Eat kimchi
Koreans will tell you that you need to eat kimchi to learn Korean.
They are right.
I won't try to extol the virtues of Kimchi. Just find a Korean and ask, and they will tell you how it is the most wonderful food in the world.
I will tell you this, though: If you want to speak Korean, you have to think and act like a Korean. And that means understanding why you need to eat Kimchi.
If you persist in your Western notion of things, you'll never grow to appreciate the Korean mindset. You'll never grow to love their palate. You'll never grow to love who they are, and not what they aren't.
There is the story of a Westerner who came to Korea in the 1850s. At that time, Korea was worse than a third world country. The people were malnourished, the streets were just mud, and there was filth everywhere. There were definitely two classes of Koreans, and everything, by Western standards, was backwards. By the end of that foreigners visit, however, he came to understand what the Korean people felt was most important in life. His declaration was that there was not a more caring or compassionate people on the planet. Behind the layers of filth and crudeness was a people who sincerely enjoyed people for being people. That's what you'll have to learn to grow and understand.

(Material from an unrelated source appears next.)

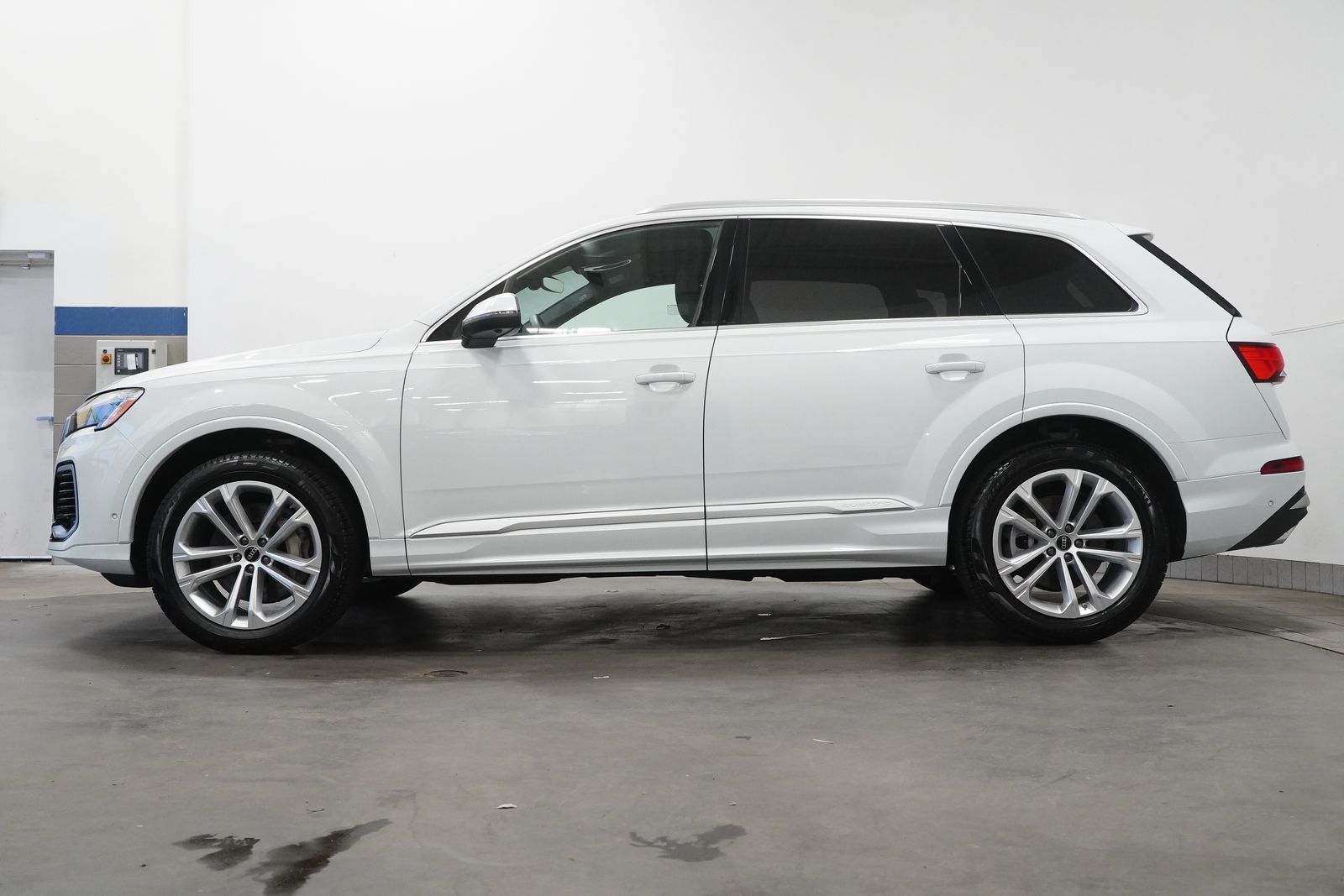2025 Audi Q7 55 Premium Plus photo 2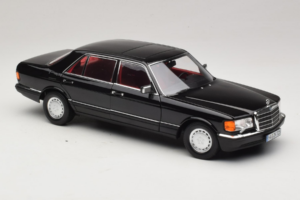 Mercedes 560 SEL W126 Negru Cu Interior Roșu Norev 1:18 183788 Metal - imaginea 6 din 8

One more note: You're probably never going to have a friend like a Korean friend. Korean friends accept all of you, warts and all, and embrace you without hesitation or second-guessing. The magical moment when you realize that what you've agreed to is a complete loss of privacy, that's the moment you'll begin to learn to accept someone else for who they are and embrace everything about them, warts and all. That's the magical moment you realize that life isn't supposed to be perfect, and things are supposed to be hard, but that's ok. That's why it is great to be alive.